Dean Douglas McCaleb is overseeing the major renovations being done to Trinity Cathedral, at 15th Street and South Bayshore Drive, on Wednesday, March 14, 2012. They are removing the stained glass windows and redoing the floors and alter area.
Trinity Cathedral, whose roots date to 1896, the year the city of Miami was founded, is getting a major touchup.
A $7 million renovation project, which should be completed by the summer of 2013, involves restoring its signature organ and delicate stained glass windows and bringing the cathedral’s electrical and structural components up to code — a major undertaking for a building completed in 1925.
The renovation, like many home-repair projects, uncovered something a bit unusual: The marble floor around the altar was held up by concrete, plaster of Paris and straw.
“We were pretty much astounded,’’ said The Very Rev. Douglas Wm McCaleb, who is overseeing the project.

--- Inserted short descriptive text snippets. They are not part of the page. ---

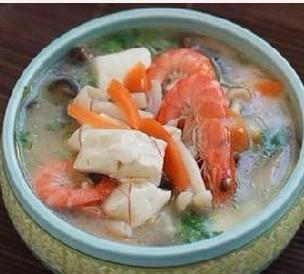 鲜虾菌菇汤的做法
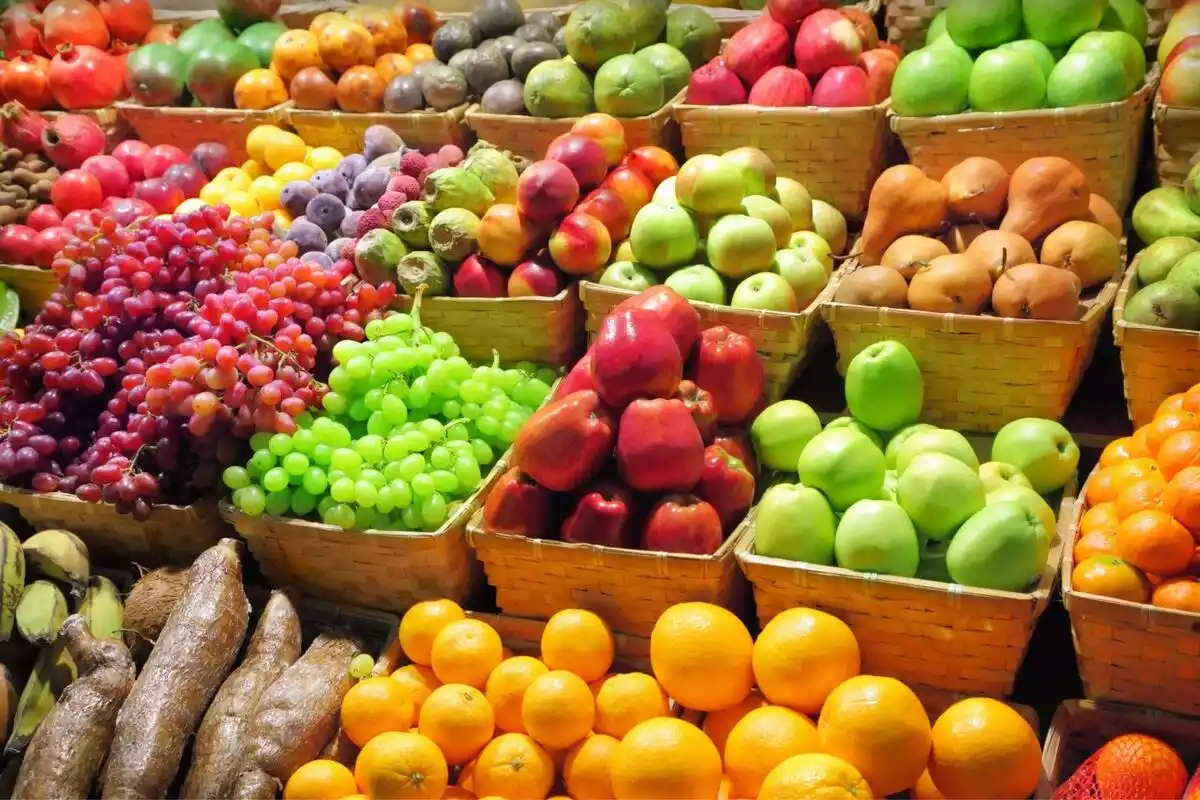 Varios tipos de fruta y verdura en un supermercado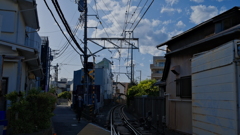 線路の中にある街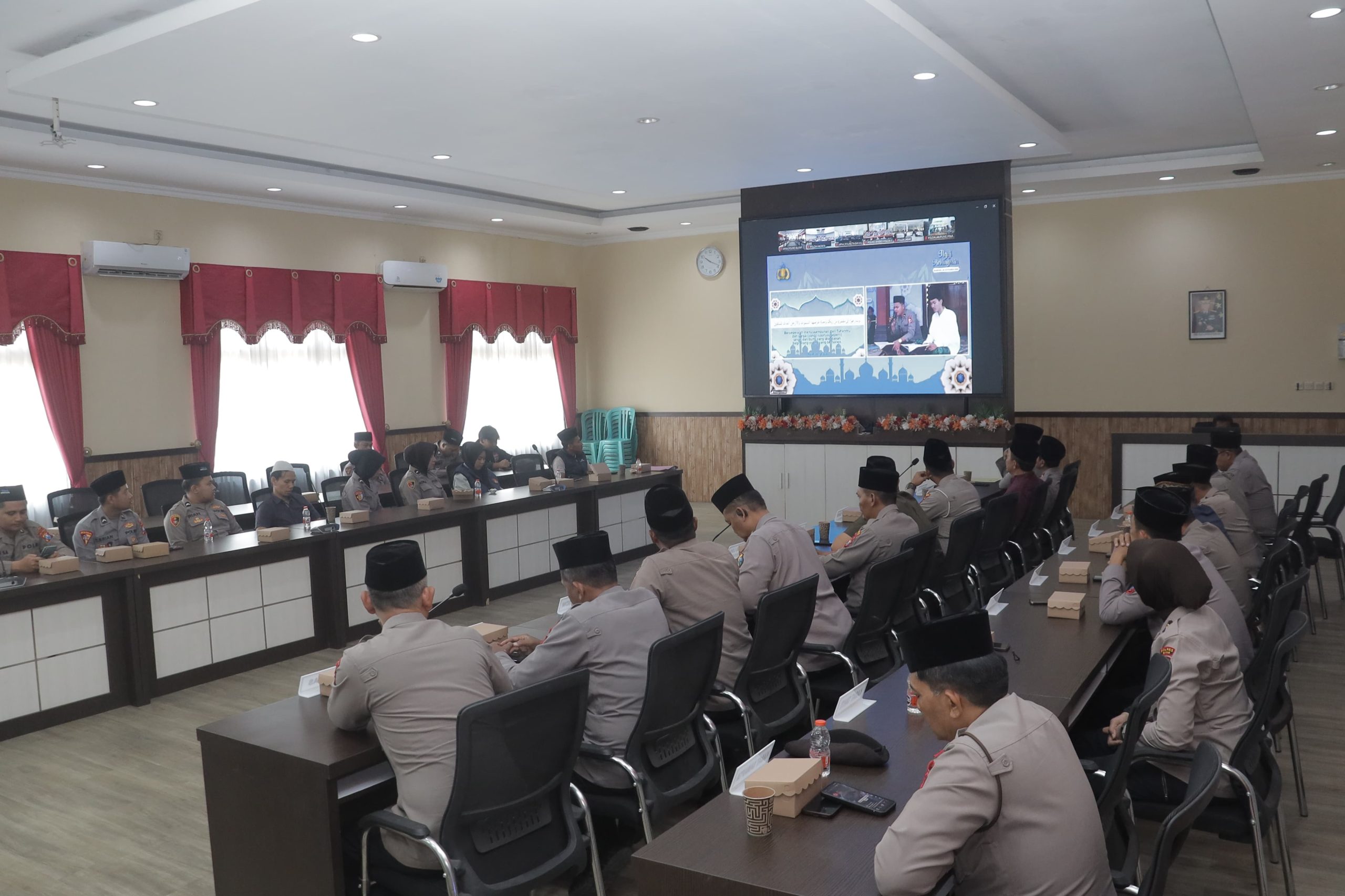 Polres Blitar Ikuti Ngaji Kebangsaan Bersama Gus Baha, Perkuat Semangat Persatuan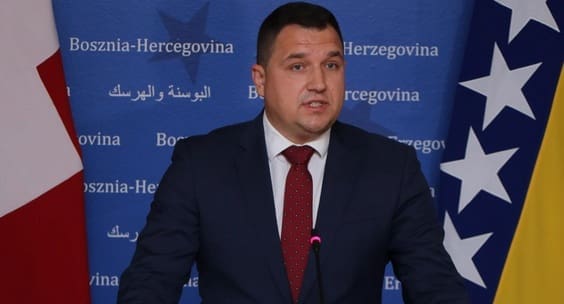 POTVRĐENO ZA BUKU: Uhapšeni ministar Miloš Lučić sumnjiči se za počinjenje tri krivična djela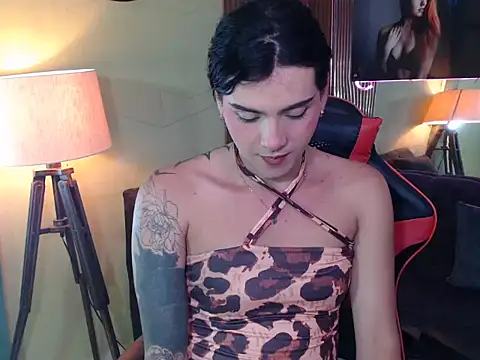 Snapshot of ximena22love chatting on 09.22.25 ximena22love online show from 09.22.25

Trinity Church has a pedigreed lineage. It is the oldest church in Miami’s original boundaries. It was founded in June 1896, a month before the city was incorporated on July 28, 1896. Miami founder Julia Tuttle donated the land on which the first wooden church sat — on the corner of Northeast Second Avenue and Second Street. (Its nickname was “The Church of the Holy Cheescloth,’’ quips McCaleb, noting cheesecloth covered the openings in the walls, as there were no windows.)
In 1911, a second Trinity Church was built on the site, made of concrete instead of wood.